# TASK DESCRIPTION
Although the data below contains pictures, output only the lines between those holding "The first option" and "To insert data, we", inclusive, exactly and without those pictures.

# TASK INPUTS
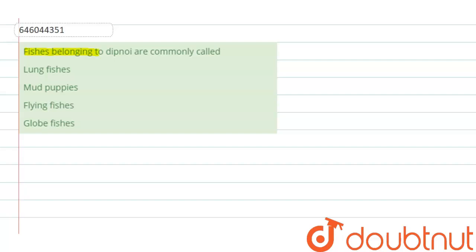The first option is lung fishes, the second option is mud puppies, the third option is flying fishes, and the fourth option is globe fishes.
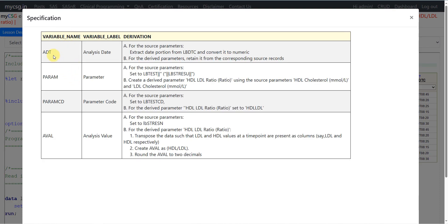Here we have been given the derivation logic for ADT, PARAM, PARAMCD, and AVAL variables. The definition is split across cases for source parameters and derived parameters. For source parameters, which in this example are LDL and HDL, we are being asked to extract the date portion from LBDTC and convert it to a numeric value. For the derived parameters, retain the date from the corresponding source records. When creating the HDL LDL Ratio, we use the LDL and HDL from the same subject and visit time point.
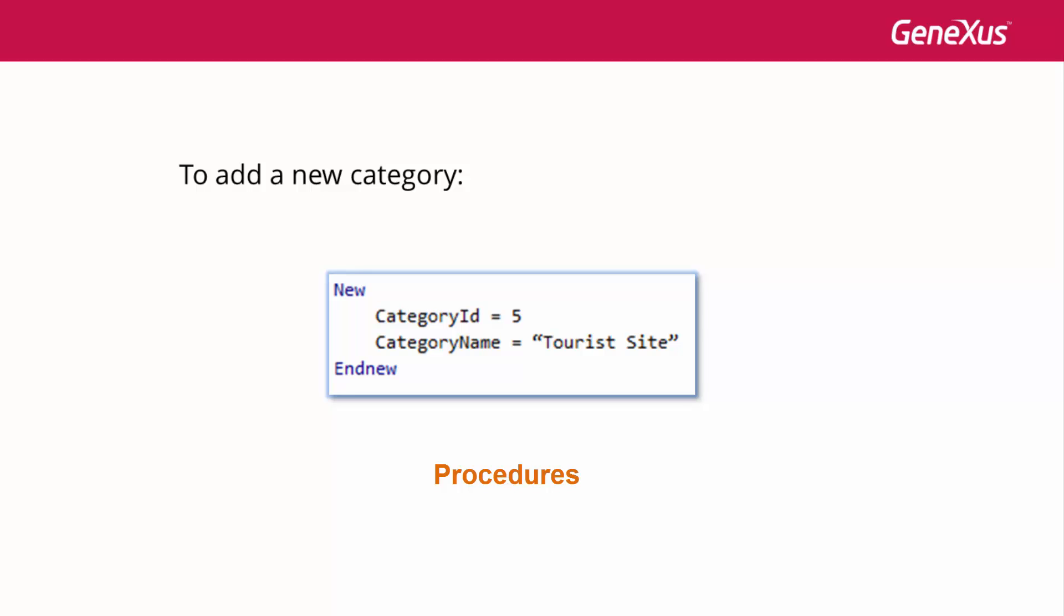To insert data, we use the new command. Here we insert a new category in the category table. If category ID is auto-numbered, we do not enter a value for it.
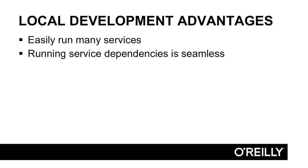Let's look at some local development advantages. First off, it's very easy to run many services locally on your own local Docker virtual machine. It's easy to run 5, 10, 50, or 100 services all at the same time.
==
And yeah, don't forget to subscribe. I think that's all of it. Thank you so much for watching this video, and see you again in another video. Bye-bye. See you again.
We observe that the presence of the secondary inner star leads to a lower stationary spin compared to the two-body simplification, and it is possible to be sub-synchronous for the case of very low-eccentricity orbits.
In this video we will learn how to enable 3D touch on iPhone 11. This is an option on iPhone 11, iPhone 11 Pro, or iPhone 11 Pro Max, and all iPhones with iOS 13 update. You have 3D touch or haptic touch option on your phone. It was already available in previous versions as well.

# THE ANSWER
The first option is lung fishes, the second option is mud puppies, the third option is flying fishes, and the fourth option is globe fishes.
Here we have been given the derivation logic for ADT, PARAM, PARAMCD, and AVAL variables. The definition is split across cases for source parameters and derived parameters. For source parameters, which in this example are LDL and HDL, we are being asked to extract the date portion from LBDTC and convert it to a numeric value. For the derived parameters, retain the date from the corresponding source records. When creating the HDL LDL Ratio, we use the LDL and HDL from the same subject and visit time point.
To insert data, we use the new command. Here we insert a new category in the category table. If category ID is auto-numbered, we do not enter a value for it.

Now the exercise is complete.